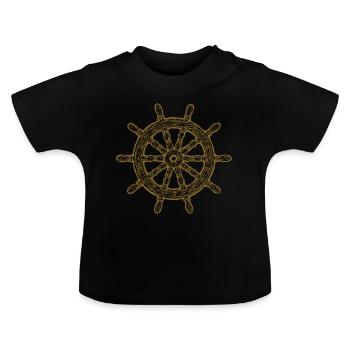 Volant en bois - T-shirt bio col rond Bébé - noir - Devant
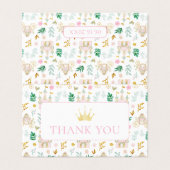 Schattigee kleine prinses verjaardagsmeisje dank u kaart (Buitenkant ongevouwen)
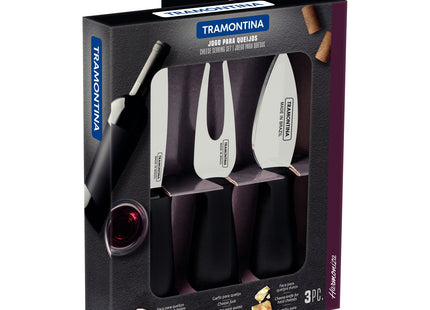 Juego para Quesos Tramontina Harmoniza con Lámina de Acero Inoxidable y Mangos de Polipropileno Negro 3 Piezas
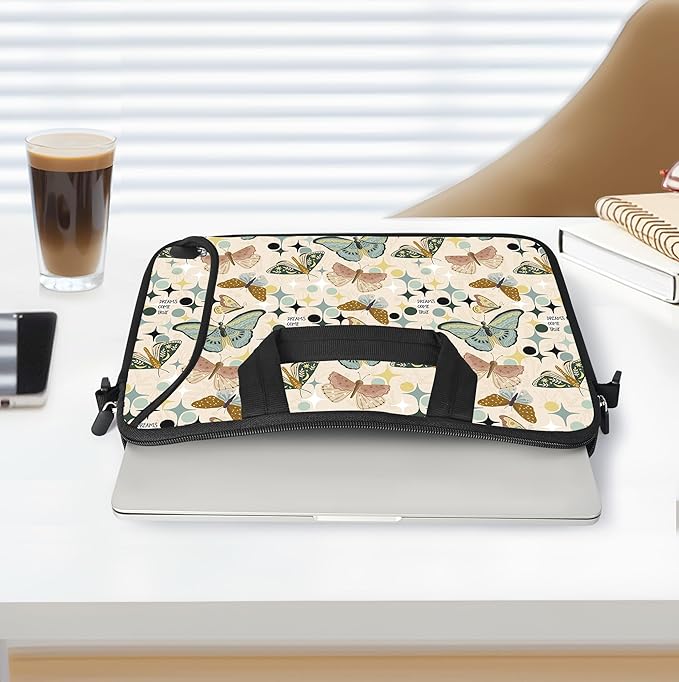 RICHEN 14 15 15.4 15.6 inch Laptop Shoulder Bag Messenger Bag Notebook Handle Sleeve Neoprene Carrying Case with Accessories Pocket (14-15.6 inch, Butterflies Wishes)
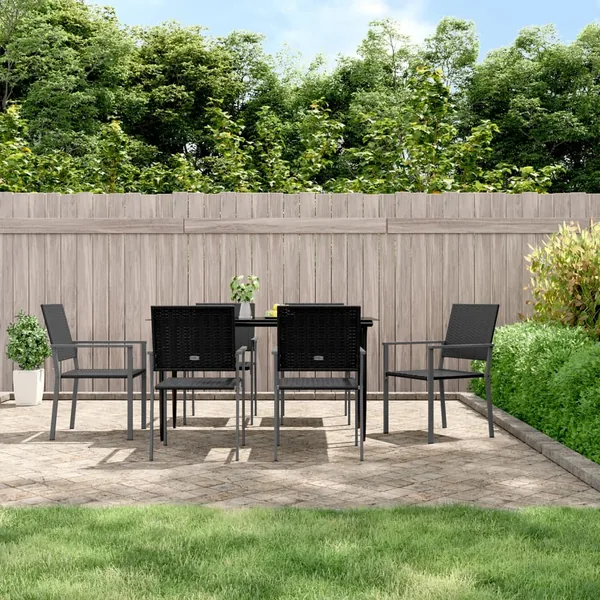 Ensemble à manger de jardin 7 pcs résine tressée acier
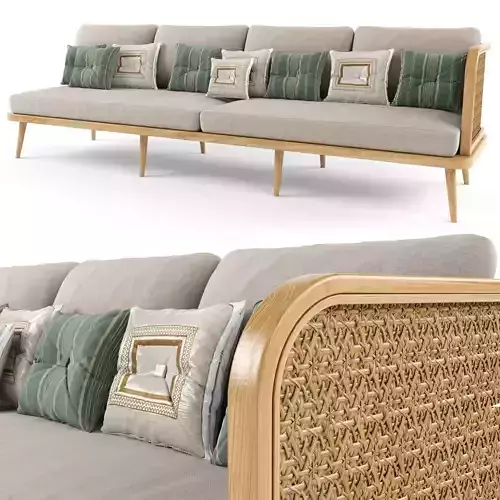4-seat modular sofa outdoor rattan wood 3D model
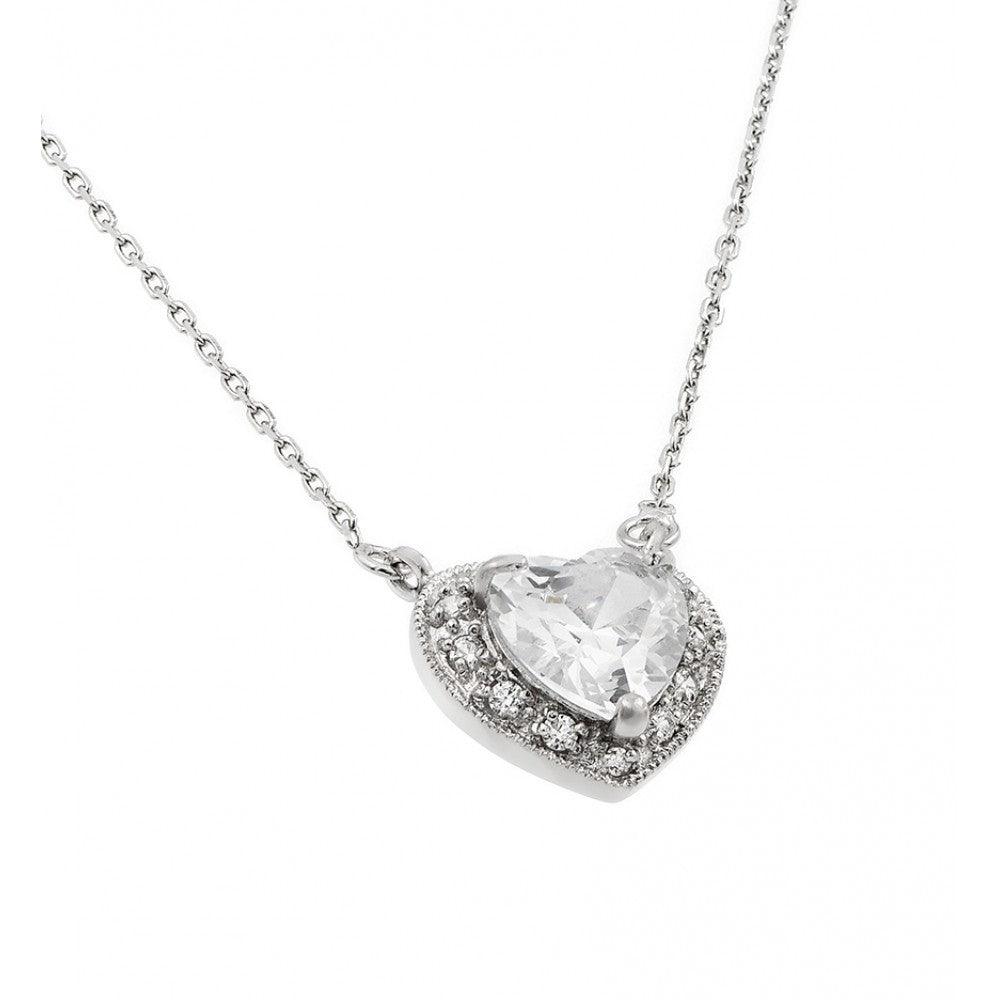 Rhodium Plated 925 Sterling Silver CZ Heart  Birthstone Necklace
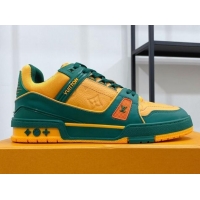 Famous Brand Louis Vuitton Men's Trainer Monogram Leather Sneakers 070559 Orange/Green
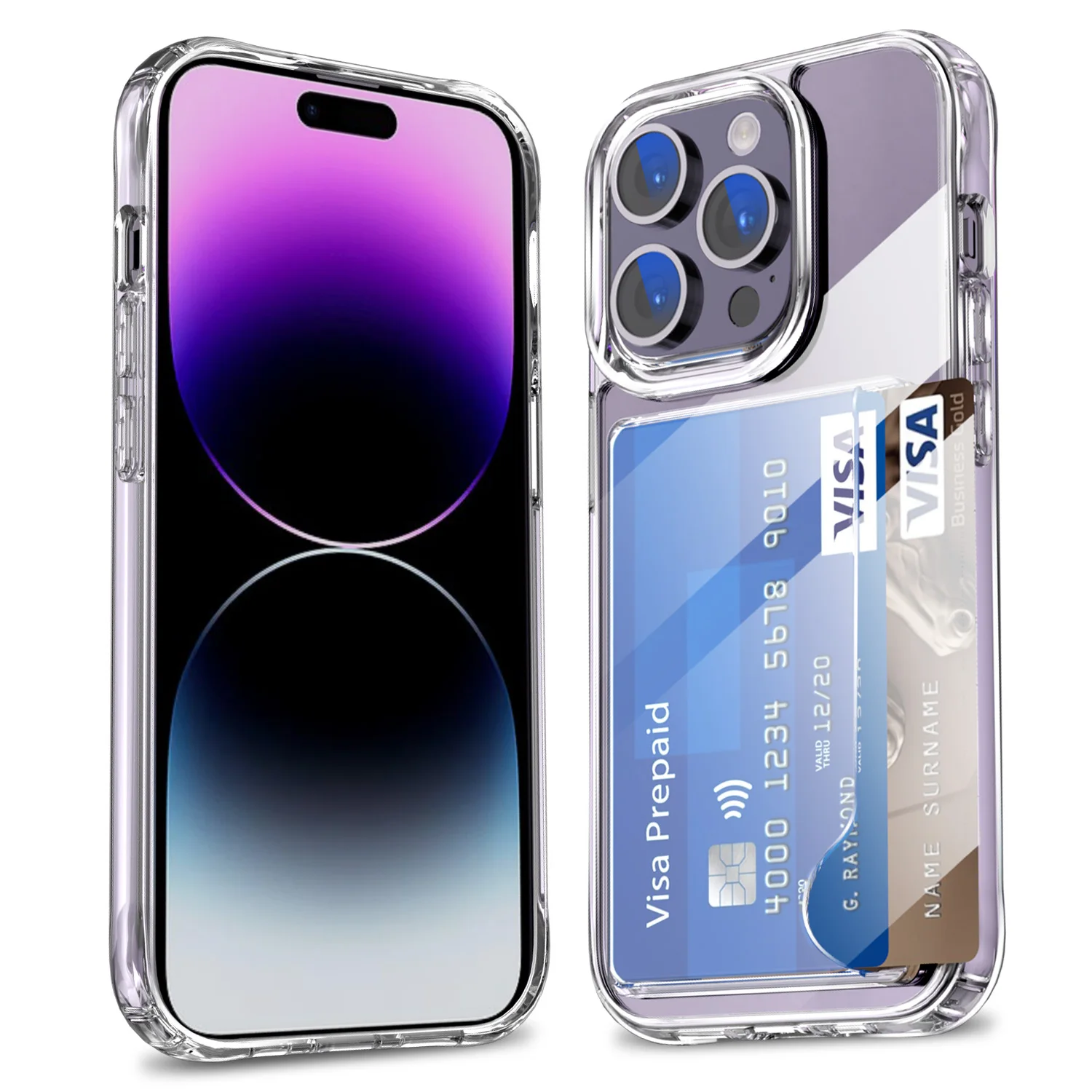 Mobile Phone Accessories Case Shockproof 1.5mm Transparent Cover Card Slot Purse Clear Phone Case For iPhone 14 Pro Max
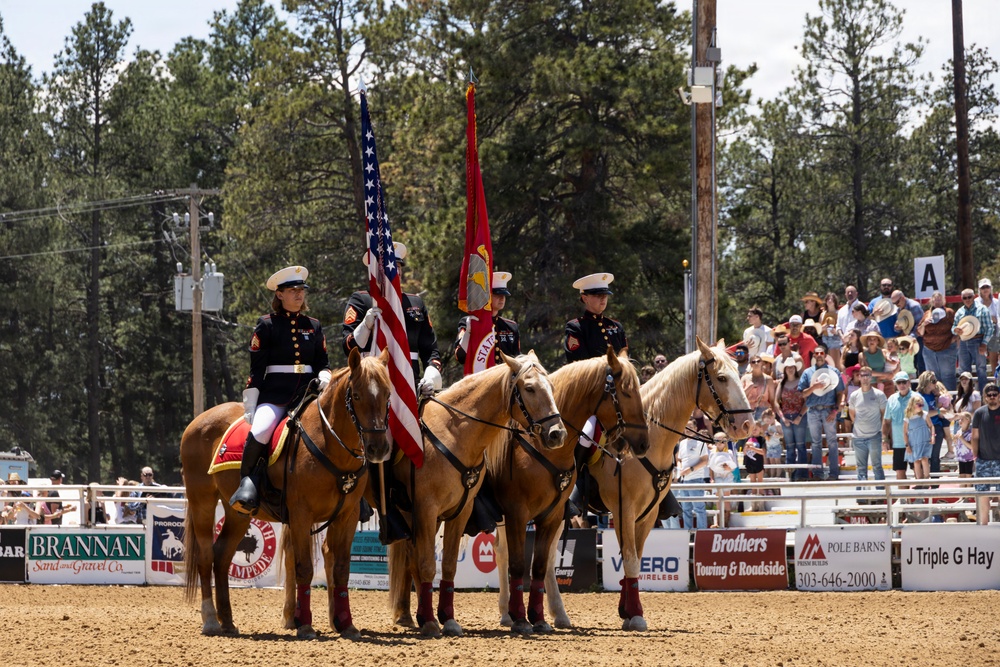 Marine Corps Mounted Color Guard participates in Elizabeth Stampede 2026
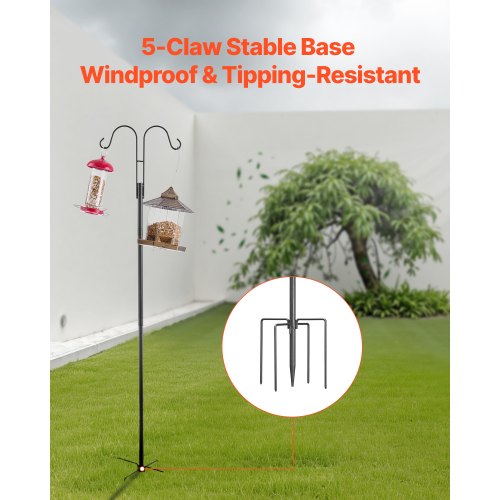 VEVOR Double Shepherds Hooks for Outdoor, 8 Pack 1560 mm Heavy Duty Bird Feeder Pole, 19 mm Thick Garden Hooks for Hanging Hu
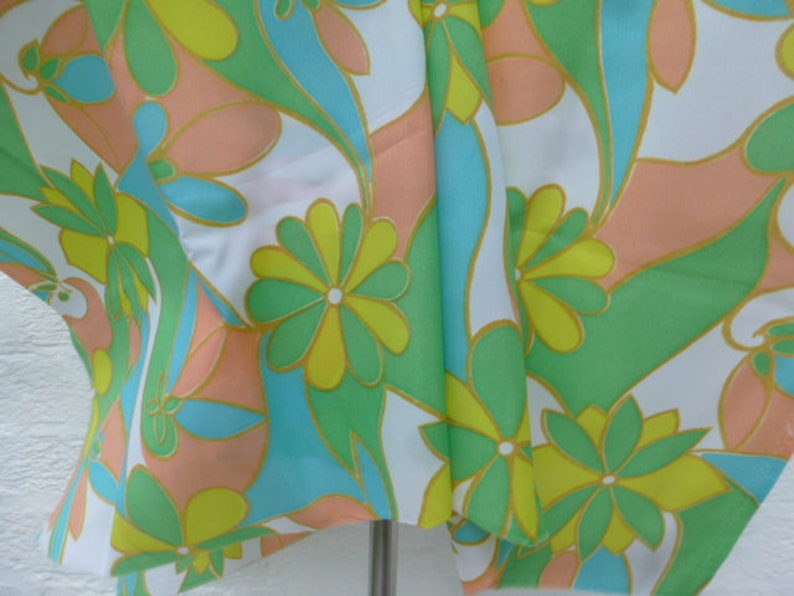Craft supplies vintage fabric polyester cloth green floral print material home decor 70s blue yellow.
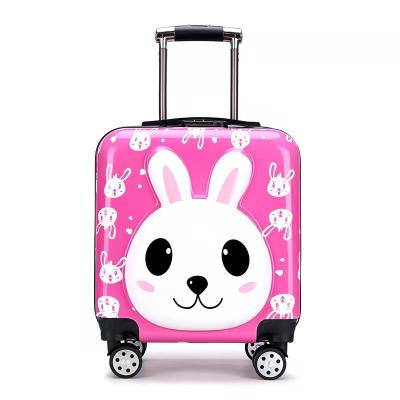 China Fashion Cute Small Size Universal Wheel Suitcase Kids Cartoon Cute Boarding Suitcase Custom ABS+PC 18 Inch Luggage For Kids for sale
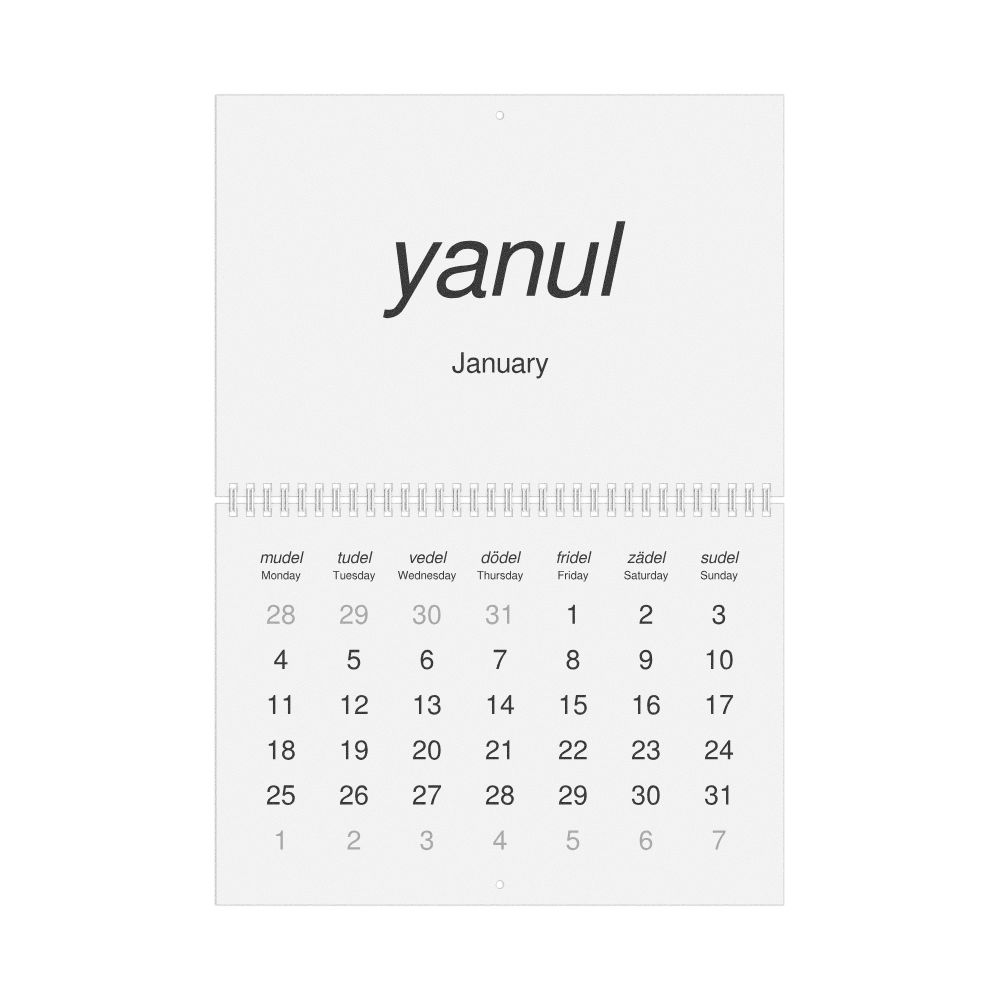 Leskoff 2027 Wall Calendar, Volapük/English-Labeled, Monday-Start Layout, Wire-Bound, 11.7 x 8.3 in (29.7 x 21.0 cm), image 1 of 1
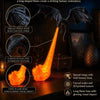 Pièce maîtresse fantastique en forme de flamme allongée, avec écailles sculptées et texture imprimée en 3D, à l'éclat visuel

◆ Problem details ◆
Output exactly the lines from the one that has "Ensemble à manger" through the end of the data. Do not include pictures.

◆ Response area ◆
 Ensemble à manger de jardin 7 pcs résine tressée acier
4-seat modular sofa outdoor rattan wood 3D model
 Rhodium Plated 925 Sterling Silver CZ Heart  Birthstone Necklace
 Famous Brand Louis Vuitton Men's Trainer Monogram Leather Sneakers 070559 Orange/Green
 Mobile Phone Accessories Case Shockproof 1.5mm Transparent Cover Card Slot Purse Clear Phone Case For iPhone 14 Pro Max
 Marine Corps Mounted Color Guard participates in Elizabeth Stampede 2026
 VEVOR Double Shepherds Hooks for Outdoor, 8 Pack 1560 mm Heavy Duty Bird Feeder Pole, 19 mm Thick Garden Hooks for Hanging Hu
Craft supplies vintage fabric polyester cloth green floral print material home decor 70s blue yellow.
 China Fashion Cute Small Size Universal Wheel Suitcase Kids Cartoon Cute Boarding Suitcase Custom ABS+PC 18 Inch Luggage For Kids for sale
 Leskoff 2027 Wall Calendar, Volapük/English-Labeled, Monday-Start Layout, Wire-Bound, 11.7 x 8.3 in (29.7 x 21.0 cm), image 1 of 1
 Pièce maîtresse fantastique en forme de flamme allongée, avec écailles sculptées et texture imprimée en 3D, à l'éclat visuel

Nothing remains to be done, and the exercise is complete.